## REQUIREMENT
Extract, exactly as written, all lines of the material below from the line that includes "Morgan Page Quick" through its last line.
·····
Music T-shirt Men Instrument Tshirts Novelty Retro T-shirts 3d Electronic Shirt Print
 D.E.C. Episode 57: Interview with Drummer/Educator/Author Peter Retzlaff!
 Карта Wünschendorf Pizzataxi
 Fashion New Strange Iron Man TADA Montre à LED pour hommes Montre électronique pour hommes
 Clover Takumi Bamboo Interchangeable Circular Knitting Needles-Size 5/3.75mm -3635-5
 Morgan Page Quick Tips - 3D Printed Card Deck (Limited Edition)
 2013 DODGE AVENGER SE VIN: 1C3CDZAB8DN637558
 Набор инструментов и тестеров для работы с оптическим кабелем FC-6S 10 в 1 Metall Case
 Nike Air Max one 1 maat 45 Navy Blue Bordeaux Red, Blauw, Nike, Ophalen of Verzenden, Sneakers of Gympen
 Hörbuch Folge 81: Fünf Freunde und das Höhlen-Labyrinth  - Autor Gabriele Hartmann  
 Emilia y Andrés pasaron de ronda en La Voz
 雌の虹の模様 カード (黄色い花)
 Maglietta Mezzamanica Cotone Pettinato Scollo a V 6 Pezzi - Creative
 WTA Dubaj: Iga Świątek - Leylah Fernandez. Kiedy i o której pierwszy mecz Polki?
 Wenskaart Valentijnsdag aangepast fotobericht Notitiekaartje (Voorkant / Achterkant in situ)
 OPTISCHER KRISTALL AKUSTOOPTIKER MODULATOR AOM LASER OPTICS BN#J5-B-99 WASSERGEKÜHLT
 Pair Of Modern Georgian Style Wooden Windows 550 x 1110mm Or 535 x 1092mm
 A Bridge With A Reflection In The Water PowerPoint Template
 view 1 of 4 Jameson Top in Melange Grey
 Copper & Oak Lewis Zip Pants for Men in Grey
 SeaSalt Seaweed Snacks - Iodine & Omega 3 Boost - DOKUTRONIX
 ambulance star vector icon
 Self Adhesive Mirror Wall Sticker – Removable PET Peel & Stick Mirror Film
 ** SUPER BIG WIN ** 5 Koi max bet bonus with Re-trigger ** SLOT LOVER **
·····
## OUTPUT OF THE EXERCISE
 Morgan Page Quick Tips - 3D Printed Card Deck (Limited Edition)
 2013 DODGE AVENGER SE VIN: 1C3CDZAB8DN637558
 Набор инструментов и тестеров для работы с оптическим кабелем FC-6S 10 в 1 Metall Case
 Nike Air Max one 1 maat 45 Navy Blue Bordeaux Red, Blauw, Nike, Ophalen of Verzenden, Sneakers of Gympen
 Hörbuch Folge 81: Fünf Freunde und das Höhlen-Labyrinth  - Autor Gabriele Hartmann  
 Emilia y Andrés pasaron de ronda en La Voz
 雌の虹の模様 カード (黄色い花)
 Maglietta Mezzamanica Cotone Pettinato Scollo a V 6 Pezzi - Creative
 WTA Dubaj: Iga Świątek - Leylah Fernandez. Kiedy i o której pierwszy mecz Polki?
 Wenskaart Valentijnsdag aangepast fotobericht Notitiekaartje (Voorkant / Achterkant in situ)
 OPTISCHER KRISTALL AKUSTOOPTIKER MODULATOR AOM LASER OPTICS BN#J5-B-99 WASSERGEKÜHLT
 Pair Of Modern Georgian Style Wooden Windows 550 x 1110mm Or 535 x 1092mm
 A Bridge With A Reflection In The Water PowerPoint Template
 view 1 of 4 Jameson Top in Melange Grey
 Copper & Oak Lewis Zip Pants for Men in Grey
 SeaSalt Seaweed Snacks - Iodine & Omega 3 Boost - DOKUTRONIX
 ambulance star vector icon
 Self Adhesive Mirror Wall Sticker – Removable PET Peel & Stick Mirror Film
 ** SUPER BIG WIN ** 5 Koi max bet bonus with Re-trigger ** SLOT LOVER **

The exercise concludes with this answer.